Bagian 18

7 2 0
                                    

"Untuk barang bukti, biarkan hanya diantara kita dan saya tegaskan sekali lagi, kasus ini sangat berisiko juga bertentangan dengan banyak pihak. Butuhkan waktu untuk kita gelar di pengadilan, bukti-bukti harus akurat kalau tidak kita yang terkena masalah." Jelas Aleta kepada enam orang yang duduk dihadapannya, mereka adalah orang-orang seperti Nafhan yang meminta mengusut kembali kasus itu, sebenarnya masih ada beberapa orang lagi tapi mereka berhalangan hadir.

Pertemuan rampung dua puluh menit setelahnya, Aleta sedang membereskan barang-barangnya tiba-tiba pintu ruangan terbuka, Widura masuk dengan wajah shocknya kemudian duduk di sofa yang ada di depan meja Aleta.

"Shit!" Umpatnya sambil mengetuk-ngetukan jari di layar ponsel.

Aleta yang selesai membereskan barangnya nimbrung ke sofa, mencari tahu apa yang membuat Dura mengumpat seperti itu. Dia ikut kaget melihat apa yang ada di layar.

"Seriusan nih?!"

"Iya dong neng." Jawab Dura mencubit hidung Aleta.

"Kapan?"

"Semalam, mau gue via email tapi seru aja lihat lo terkejut."

"Nanti temani gue." Dan Dura hanya mengangguk dengan mata yang masih fokus pada layar ponsel.

Jam menunjukan pukul 19:07 ketika keduanya tiba di depan club, Dura yang sejak tadi bertanya kenapa mereka ke sini? Mengapa Aleta mengganti pakaian juga riasan wajahnya? Namun, Aleta hanya tersenyum simpul. Saat akan keluar dari mobil Dura mencekal tangan Aleta.

"Lo mau masuk?" Tanya Dura menunjuk club yang ada di depan.

Aleta mengangguk,"Lo parkirnya, majuan lagi gih." Ujarnya melepas cekalan kemudian keluar dari mobil.

Suasana club yang masih sepi mendorong Aleta langsung menuju meja bartender mencari jawaban. Sebelumnya, dua anak buah papanya telah memberinya alamat club ini dan beberapa rutinitas Lily. Aleta meminta mereka untuk menyelidikinya karena dia harus mengambil keputusan penting yang akan menentukan masa depan Lily. Ketika melihat Lily meracik minuman, Aleta sengaja duduk di bangku ujung agar lebih dekat dengannya. Setelah Lily memberikan minuman kepada pelanggannya, Aleta menekan bel untuk memesan dan langsung menarik Lily ke toilet saat dia mendekat.

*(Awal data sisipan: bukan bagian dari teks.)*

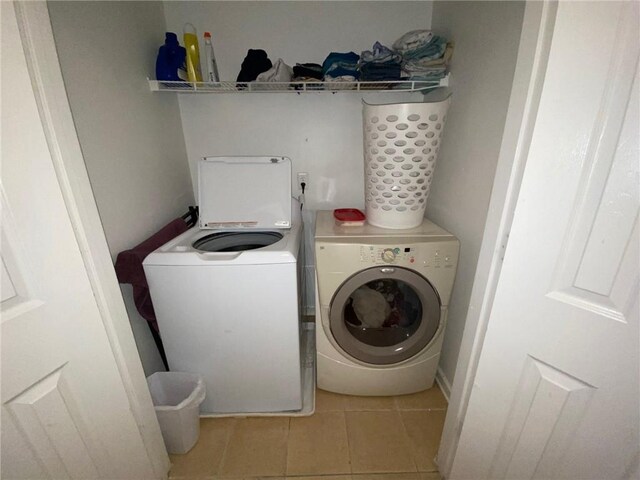 clothes washing area with washer and dryer and light tile patterned floors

"Hei! Lo gak usah takut, gue Aleta." Dia menenangkan Lily menutup muka dengan kedua telapak tangannya, perlahan kedua tangan menurun lalu menghembuskan napas lega.

"Please, sekarang lo jujur. Everything!"

"Soal apa?"

"Kita bicara apa yang tidak bisa lo katakan di pengadilan, perkataan lo sekarang akan menentukan masa depan lo, lo masih tujuh belas tahun!" suara Aleta kian serak memohon pada Lily agar menceritakan apa yang ingin dia ketahui.

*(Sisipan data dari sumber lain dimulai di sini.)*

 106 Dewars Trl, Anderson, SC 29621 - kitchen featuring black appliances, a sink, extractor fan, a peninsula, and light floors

Lily mengambil napas dalam, matanya menatap jejeran pintu kamar mandi, Aleta siap dengan audio ponselnya untuk merekam. Rentetan kalimat diucapkan Lily dengan berbagai ekspresi, Aleta yang menyimak sedari tadi juga menunjukkan ekspresi yang tidak menyangka. Kisah Lily berakhir, kedua perempuam itu keluar dari toilet. Saat berjalan menuju meja bartender langkah mereka terhenti sebentar kemudian berjalan lagi, Lily ke mejanya dan Aleta ke pintu keluar. Baru beberapa meter dia keluar, dua orang pria mendekatinya, dengan cuek Aleta tetap melangkah tapi salah satu tangan pria itu menggapai pundaknya dan berhasil ditepis cepat, dengan gesit dia berjalan hingga kakinya tersandung celah selokan dan terjatuh.

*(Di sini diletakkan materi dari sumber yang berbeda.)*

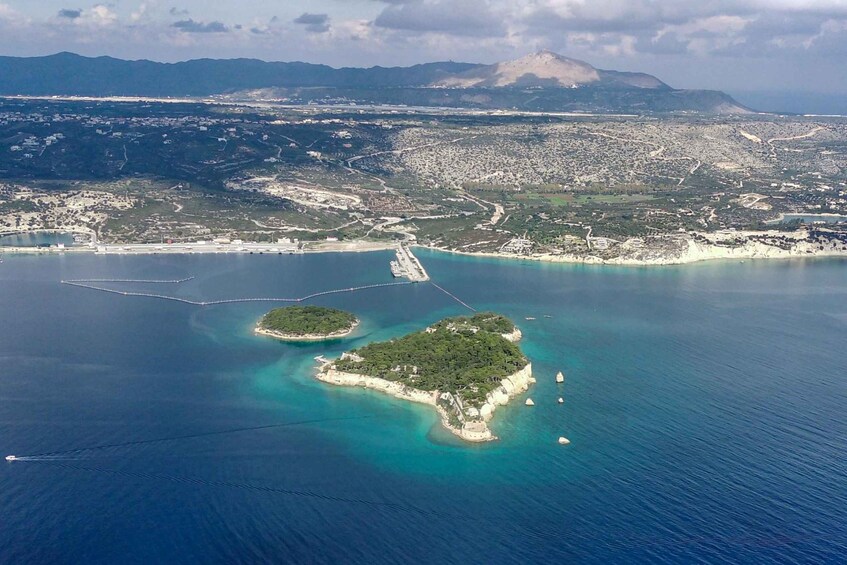 An aerial view of a coastal city with a prominent island, clear blue waters, and distant mountains. 2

Aleta berusaha berdiri dan berhasil, tapi kakinya tidak cukup cepat berlari sementara dua pria itu semakin dekat dan saat pria yang di depan ingin meraih tangannya, Bughh! Sebuah tinjuan melayang pada muka kedua pria itu. Mereka baku hantam hingga salah satu pria menyayat lengan orang yang menolong Aleta, dua pria itu pergi setelah orang yang menolong itu terkulai di aspal. Aleta membantunya berdiri lalu membawanya duduk di trotoar depan club, dia periksa lukanya yang tersayat dan ternyata cukup parah lukanya.